I’ve always been a believer that certain styles of music should be listened to at loud volumes, and no other genre of music do I believe this to be applicable than “stoner rock”, the genre derived from a world not many have experienced I can assume.
The sound is visceral, something you don’t forget at any point throughout listening to an album with said coined term, this isn’t any different for veteran stoner band Fu Manchu, whose new album “Clone Of The Universe “comes out February 9th on the relatively unheard of At The Dojo Records. If you’re not familiar with this band, they’re considered to be one of the pioneers of the stoner rock movement, being one of the first bands to ease up on the earthquake fuzz of Sludge Punk icons such as The Melvins and early Swans, incorporating a groovier, more free spirited form of rock and writing songs about skateboarding, substances and Psychedelia to a genre that usually possesses a certain dark overtone.
It may come as a little surprise to hear then, that Fu’s new album borders more on an experimental element than a typical riff driven affair, the albums first example of this comes from the second track in “(I’ve been) Hexed” offering the listener a heavier and catchier affair that itches for a repeated listen, for new listeners, this track certainly allows a little spark to keep you close.
The album’s title track boasts a little more of a typical affair, with Fu doing what they do best, adding the pummelling crunch on the two lead guitars and the driving force of the drums and bass to the mix, with frontman Scott Hill offering what appears to be twisted visions of an alien who isn’t what he appears to be to others, something we can all relate to sometimes.
The second example of experimentation comes from the albums fifth piece “Nowhere Left To Hide”, easily the best track on the album, the band all pitches in to a quiet and doom- laden driving piece, given ode to the classic loud and quiet method taken upon by countless other bands in the Alternative label.
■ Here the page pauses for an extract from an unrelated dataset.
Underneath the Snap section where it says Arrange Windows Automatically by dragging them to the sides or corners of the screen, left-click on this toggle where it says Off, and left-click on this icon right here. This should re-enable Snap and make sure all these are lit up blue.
The song’s lyrics invoke paranoia, forcing you to except your situation and face the thing that you know will eventually get you.
The last instalment of Progressive interest comes from the albums closer, the epic “Il Mostro Atomico” which clocks in at roughly Eighteen minutes in length, although respectfully, that can feel like longer. Whereas expansive long- running Alternative rock marathons can be an albums highlight, the track falls short around the five minute mark, where the same jam becomes layered with Blue Cheer style freeze and veers off into an even quicker experience of Psychedelia.
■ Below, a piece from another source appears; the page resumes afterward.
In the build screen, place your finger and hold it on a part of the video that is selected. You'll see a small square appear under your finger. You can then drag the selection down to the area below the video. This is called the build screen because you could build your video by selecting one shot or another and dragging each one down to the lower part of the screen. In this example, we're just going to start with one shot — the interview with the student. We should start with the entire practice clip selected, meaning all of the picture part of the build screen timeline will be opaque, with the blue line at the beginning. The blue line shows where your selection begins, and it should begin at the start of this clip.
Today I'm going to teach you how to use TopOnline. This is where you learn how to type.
The song manages to pull through with some of these twists and turns, with Scott Reeder, the bands Drummer, pulling the punches above even the meatiest guitar tones, it rewards perhaps a fresh listener with a first time experience of what a marathon song of Alternative Rock jams can be like, but would recommend patience for this closing track.
The band brings to the table a strong example of true Stoner Metal music and proves to listeners that while other respected artists of this fine craft may have perhaps disintegrated into the Urban legend (Monster Magnet) or moved onto sheer fame unimaginable to bands of the Underground (Queens Of The Stone Age), Fu Manchu is still going strong and respected by many for bringing the desert lights and the generator parties to masses.